Its terminal revenue rose 27% in 2011 and its domestic market share increased from 5% to 11%. Nokia was the big loser in China, with its share dropping from 26% to 15%. ZTE's 6-percentage-point increase was second to Huawei, which added 7 points, finishing the year with a 13% market share.

"It's true that our profit margins are not very high," Hou told Telecom Asia. "And although the bulk of our shipments are smartphones, most are focused on the low-end and mid-range markets. We are trying to learn from our competitors."

He points out that Apple has only been making mobile phones for five years, and ZTE has been at it for 14 years. "So we believe it's not just the technology. We are trying to narrow the gap by improving the user interface and finally improving our profit margins. We're also focusing on our internal management, where we see there is room for improvements."

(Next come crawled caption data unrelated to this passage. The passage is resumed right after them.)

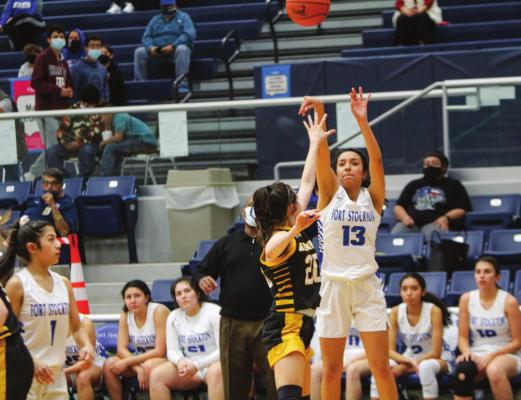 Fort Stockton junior Alyana Dominguez (13) takes a jump shot over Seminole’s Londyn Shain during the second half of Tuesday’s game at the Special Events Center. Photo by Nathan Heuer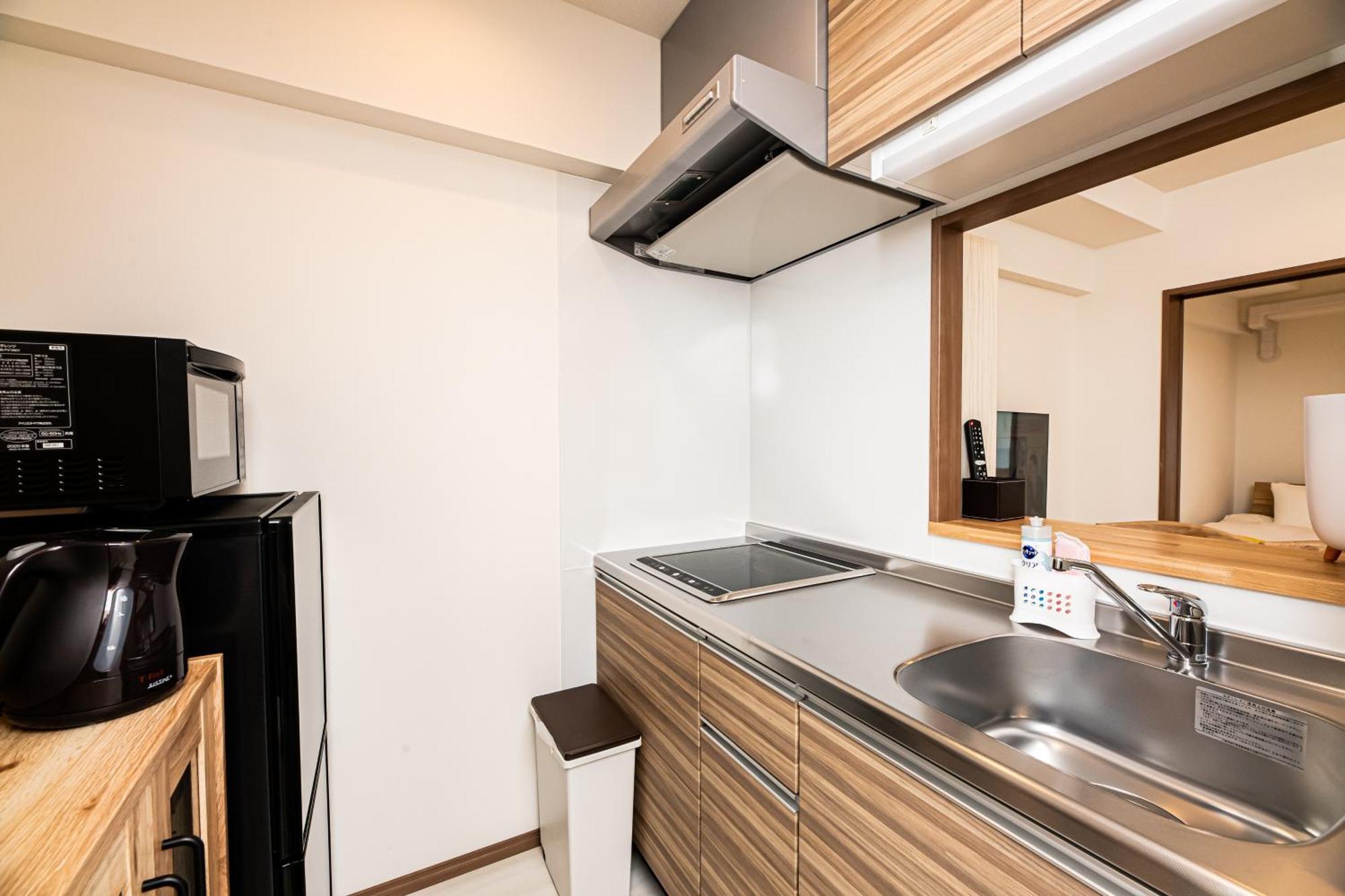 פוקואוקה Tomariehotel & Condominium מראה חיצוני תמונה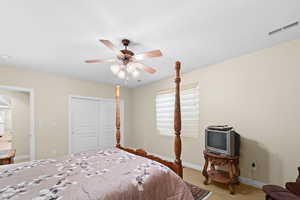 Carpeted bedroom with ceiling fan and a closet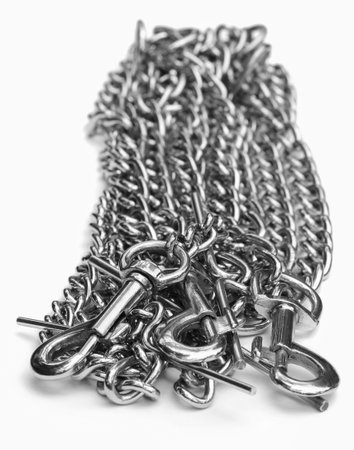 Metal chain for dog over white background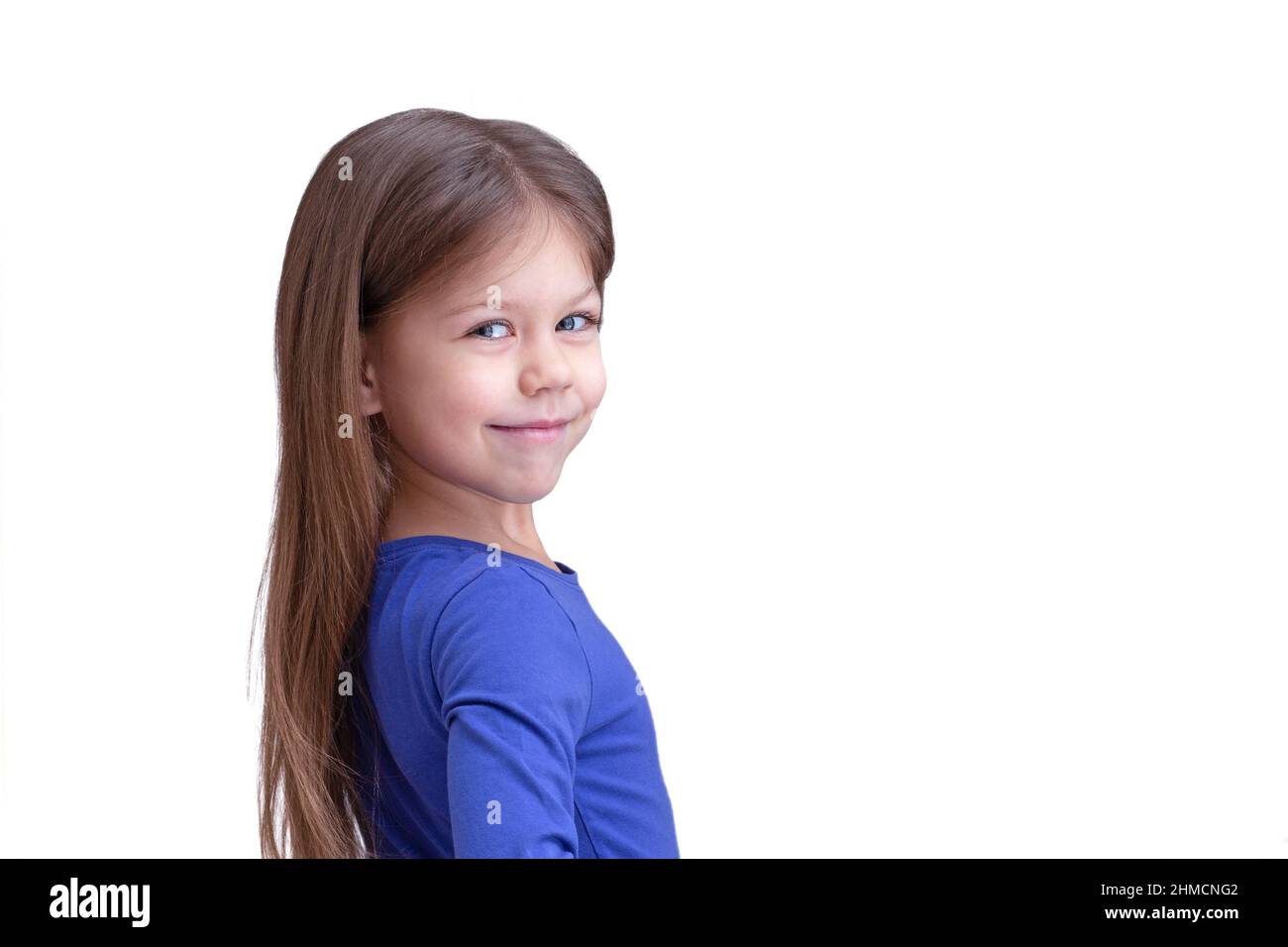 Heureux mignon enfant mi-tour isolé sur fond blanc, regardant la taille de l'appareil photo vers le haut caucasien petite fille de 5 ans en bleu Banque D'Images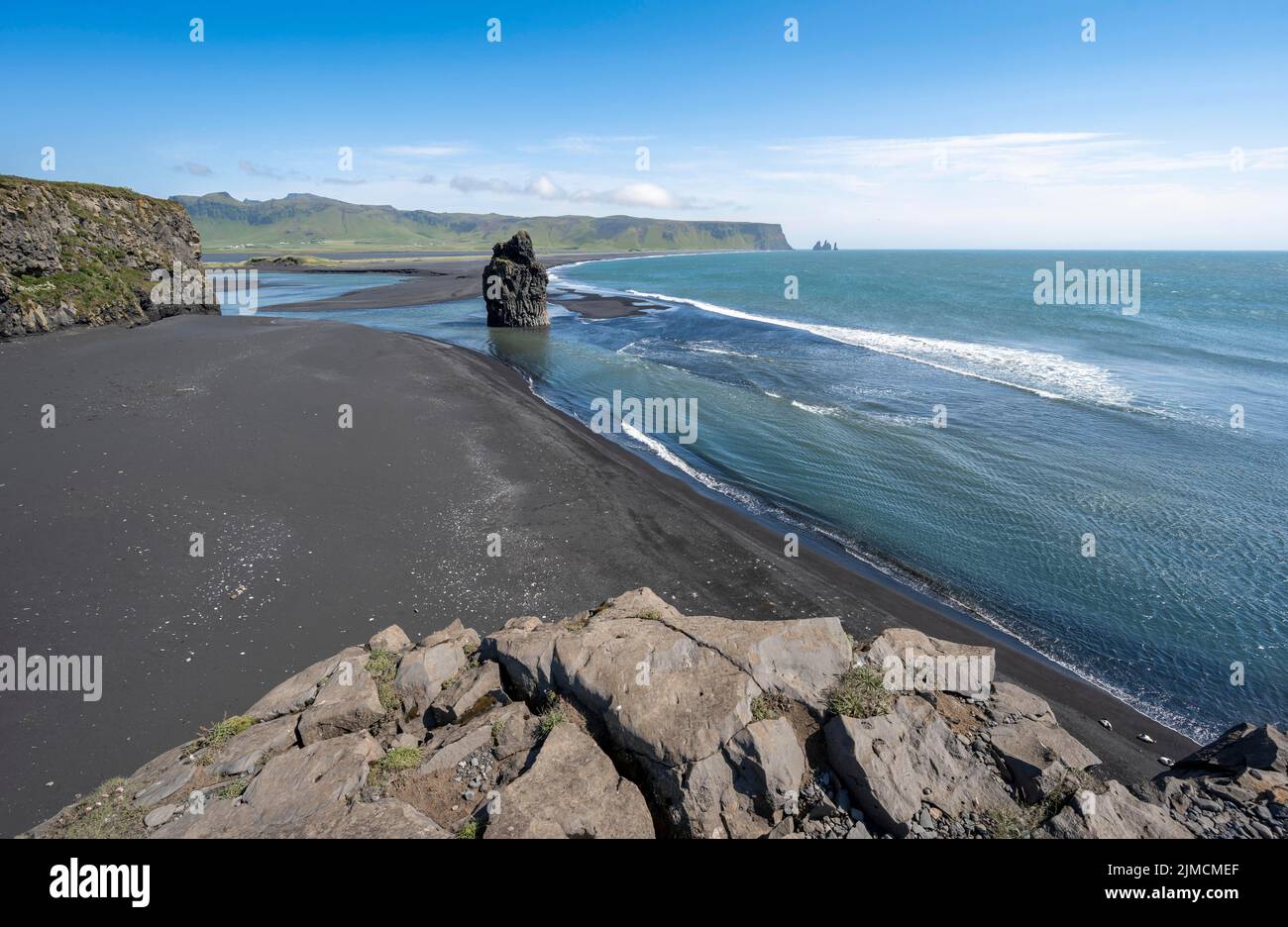 Rocks in the sea, View over Reynisfjara Beach, Black Sand Beach, Dyrholaey, South Iceland, Iceland Stock Photo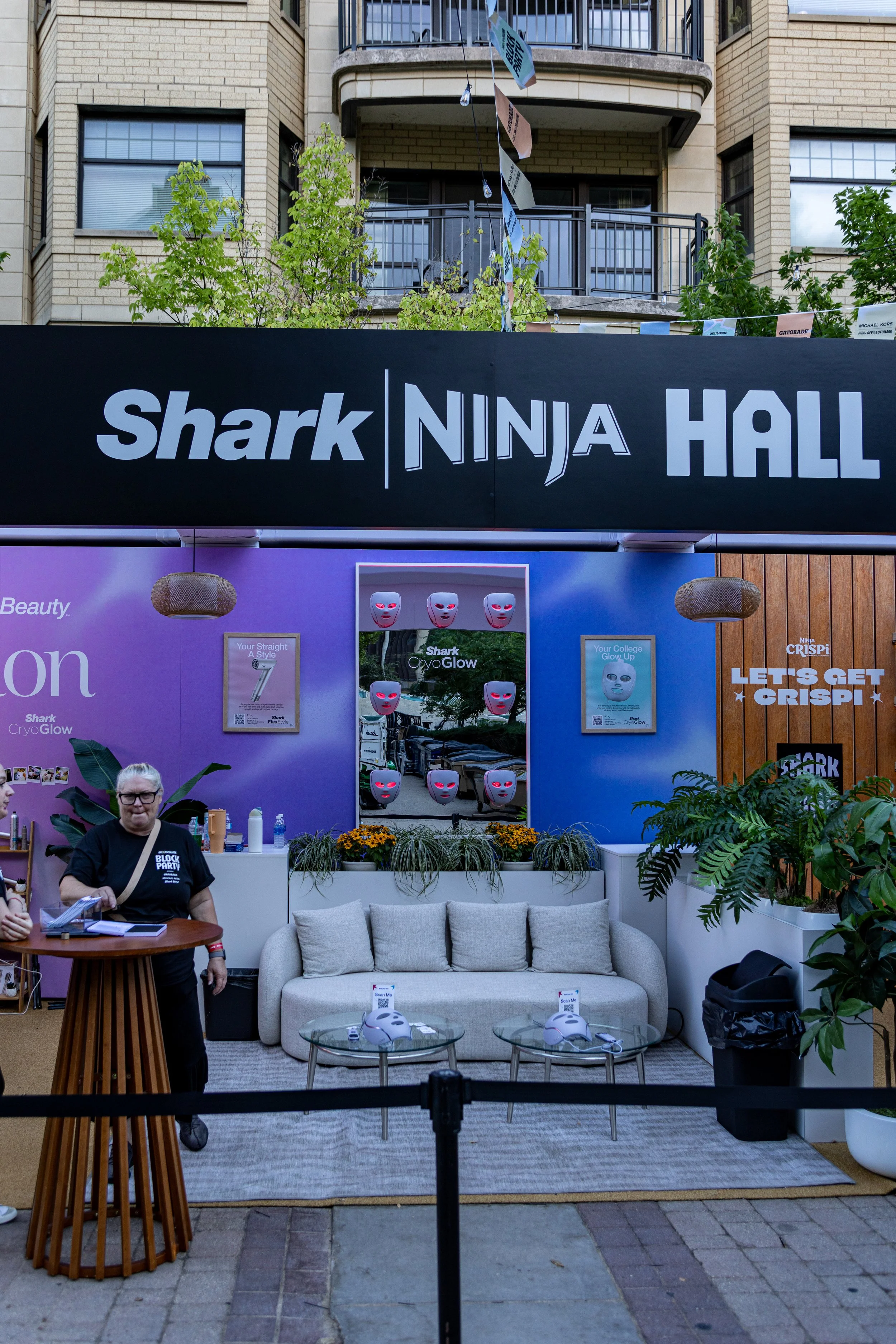 A display booth with a black sign that reads 'Shark NINJA HALL' over a seating area with a beige sofa, glass-topped coffee table, and plants. There are posters and masks related to Shark and Ninja products on the purple and orange walls, and two whit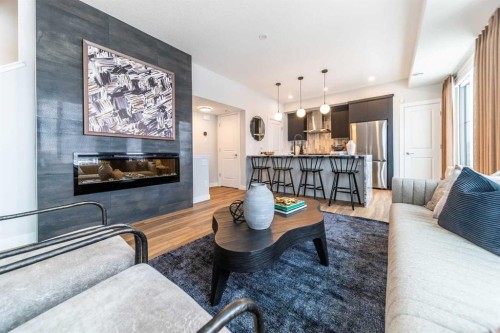 903-60 Howse Lane Ne, Calgary, AB - Indoor Photo Showing Living Room With Fireplace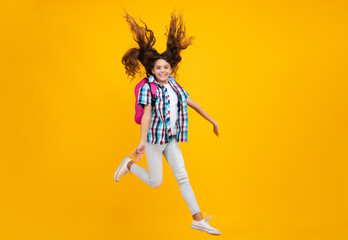 Fototapeta na wymiar Amazed teen girl. Back to school. Teenage school girl ready to learn. School children on yellow isolated background. Run and jump. Excited expression, cheerful and glad.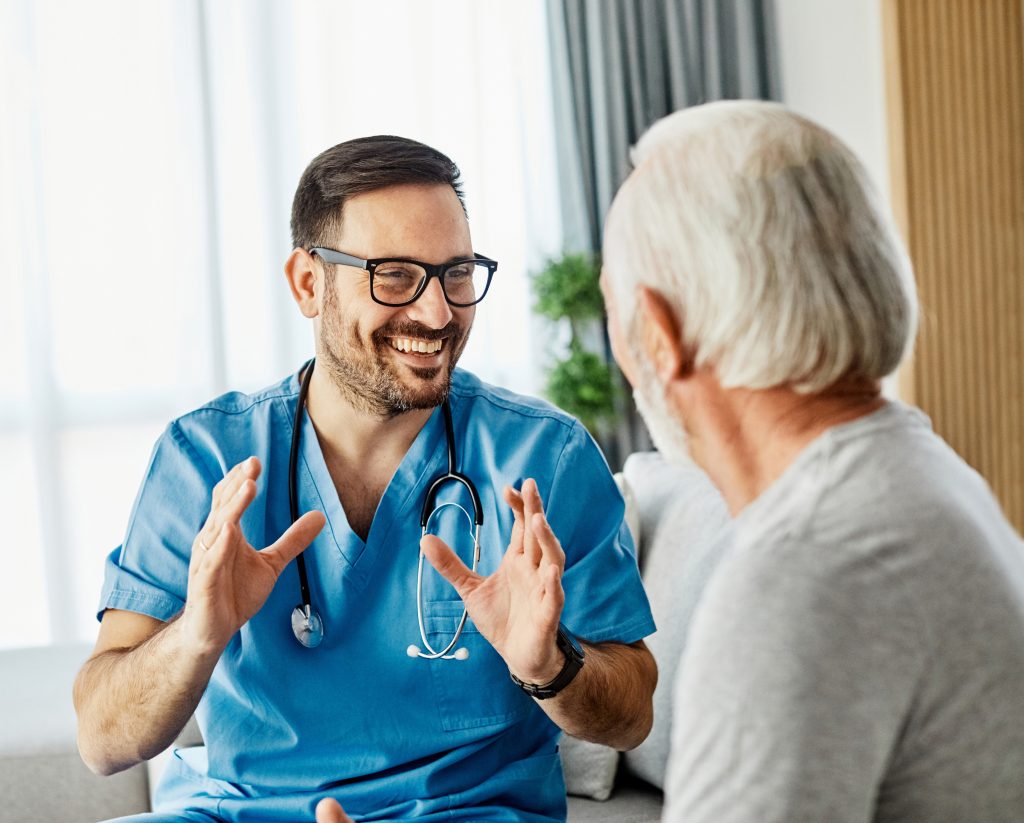 A staff member engaging with a resident in a cozy setting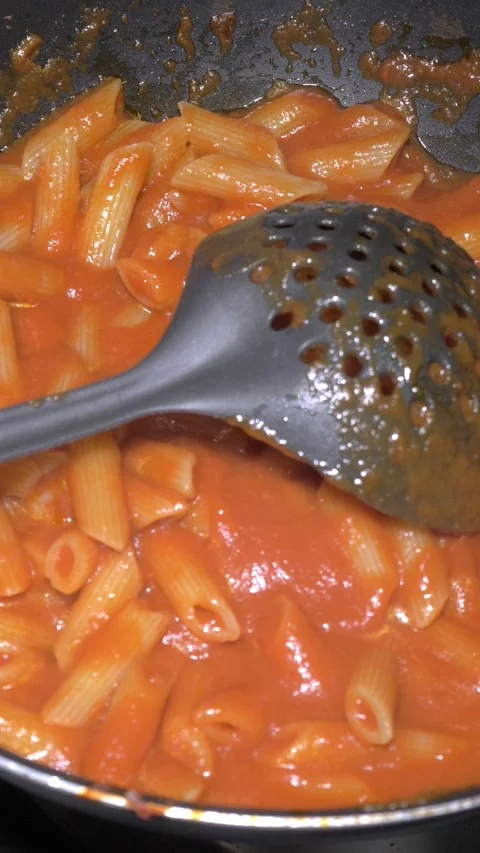 Chef Tossing Pasta With Tomato Sauce in a Pan, Restaurant Kitchen Video stock 336793802
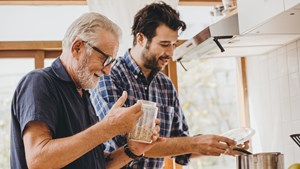 Adult father and son cooking together in a kitchen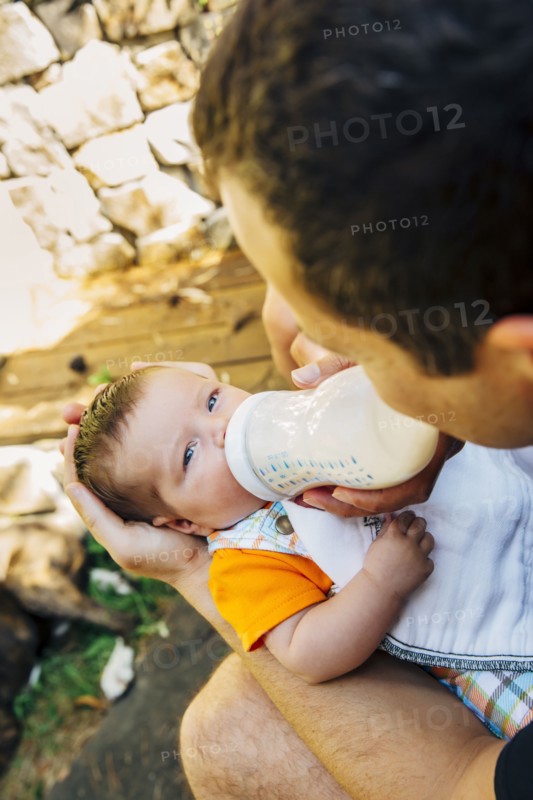 Caucasian father feeding baby boy outdoors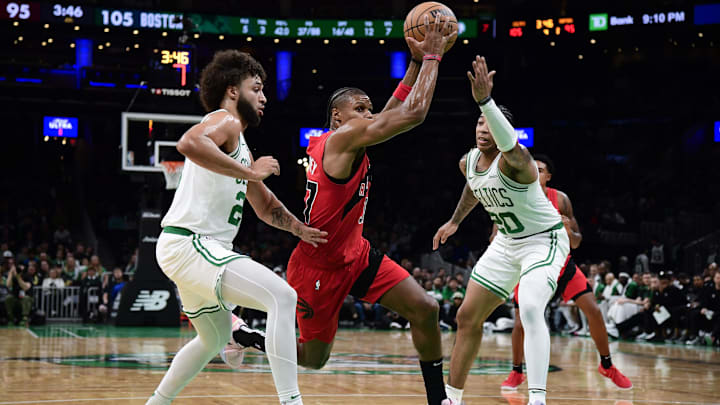 Oct 13, 2024; Boston, Massachusetts, USA;  Toronto Raptors guard Jahmi'us Ramsey (37) goes to the basket between Boston Celtics forward Anton Watson (28) and guard JD Davison (20) during the second half at TD Garden. Mandatory Credit: Bob DeChiara-Imagn Images
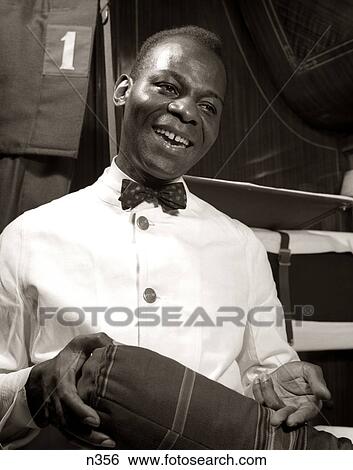 1920s 1930s 1940s SMILING AFRICAN AMERICAN MAN PORTER ON PULLMAN CAR ON PASSENGER RAILROAD TRAIN OVER NIGHT SLEEPING CAR View Large Photo Image Stock Photograph - 1920s 1930s 1940s SMILING AFRICAN AMERICAN MAN PORTER ON PULLMAN CAR ON PASSENGER RAILROAD TRAIN OVER NIGHT SLEEPING CAR. Fotosearch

The company recently added a third division solution operations. Before it had just two major divisions products/R&D and sales, which Hou says was pretty much a product-driven organization.

"The reorganization will help to provide not only products but solutions to operators and allow us to better understand the business models of our customers. By doing this we'll be able to improve and overcome some of the issues that have come up from a product-centric business model."

ZTE is also diversifying by putting a strong focus on cloud computing and the enterprise market. Last year while its services products increased 40%, its enterprise sales doubled.

On the infrastructure side, while most network equipment makers faced a difficult Q1 (with both Ericsson and Alcatel-Lucent seeing revenue falls of 4-12% in the period and Huawei's profit down sharply for 2011), ZTE bucked the trend with revenue jumping 29% and its net profit up 24%. Overseas operating revenue, which increased 24% last year, now accounts for 54% of overall operating revenue.